Like its predecessors, the Oppo R11 features a slimline design that is broadly evocative of Apple's existing iPhone designs. Whether that's a style issue for you is a personal matter, but if you aspire to an Apple style on a lower budget, it's a very close match. While I was testing the gold Chinese version of the phone, I had more than one person assume I was using an iPhone, although fewer made that comment with the black Australian version I tested. I suspect that if it was in the glossy black finish of the iPhone 7 Plus, the comparison would have been more obvious.
Measuring in at 154.5mm x 74.8mm x 6.8mm with a carrying weight of 150 grams, the Oppo R11 fits neatly in the hand and doesn't feel too bulky. Like its design inspiration, the fingerprint sensor on the front isn't a button per se, but instead a plate with a tiny motor behind it that vibrates when pressed to give the impression of a button. Volume controls run up the left hand side, while the right hand side houses the power button just below the dual SIM/microSD card tray. Like many of its sort, you've got the choice to drop two Nano SIMs into the R11, or just one and then add a microSD card, but you can't do both.
The rear of the Oppo R11 houses the dual camera array with a noticeable camera bump if that concerns you.
One factor I didn't intend to test, but inadvertently did, was the screen protector that Oppo drops onto every R11 handset. I'd already seen them being applied when I toured Oppo's factory that produces the R11, but during a brief trip to Tokyo, the R11 accidentally ended up in a bag with a set of keys.
For a regular phone, the results wouldn't have been pretty, and to be honest they weren't for the R11 either, but the screen protector took all the scratches, rather than the regular display screen. That's a big plus for ongoing durability, although undoubtedly reapplying a new screen protector will test my sanity somewhat.
Oppo made it perfectly clear at this year's Mobile World Congress that it sees mobile phone photography as a key battleground by showing off a 5x optical zoom sensor for an upcoming handset. Before you get too excited, that's not the R11, but you do get a dual lens array on the rear of the handset. The sensors on the back of the phone include a 20MP f/2.6 sensor with 2x optical zoom as well as a standard 16MP f/1.7 lens. On the front, you'll find a 20MP f/2.0 lens for selfie taking. On the video front, shooting is supported up to 4K resolution, although I often found that even short bursts of 4K video tended to heat the Oppo R11 up quite a lot.

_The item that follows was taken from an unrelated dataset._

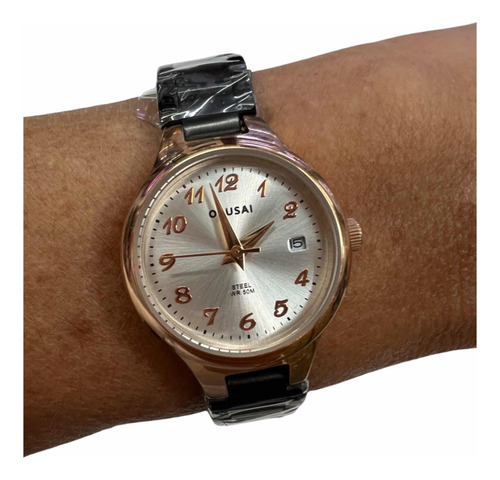 Reloj Okusai Acero  Dama  Calendario  Wr50mts - Taggershop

Oppo's default camera app, like the rest of the phone, borrows heavily from the iOS playbook, which means it'll be instantly familiar to most users. Standard photo and video modes are accessed with right and left swipe motions. However, it's not quite a perfect copy given that there are a few small oddities in the Expert camera mode, such as the way the text for each manual control doesn't quite line up nicely with the rest of the screen. That's possibly a limitation of the switch from Chinese to English.
In terms of camera quality, the use of a 2x optical zoom gives the Oppo R11 the same essential camera capabilities as the much more expensive Apple iPhone 7 Plus. Does it really compare with Apple's flagship handset? Not precisely, but then at this price point, you really don't have any competitors to speak of if you want a dual lens camera phone just yet. For its price point, the R11 is a very capable camera phone. I tested it during a brief holiday in Tokyo, with mostly pleasing results:
Just to be clear, the 2x optical zoom on the R11 wasn't quite good enough to make it from street level straight to Godzilla's mouth, although it can be very handy in crowded tourist situations where getting close to a subject can be tricky due to the sheer mass of humanity in the way.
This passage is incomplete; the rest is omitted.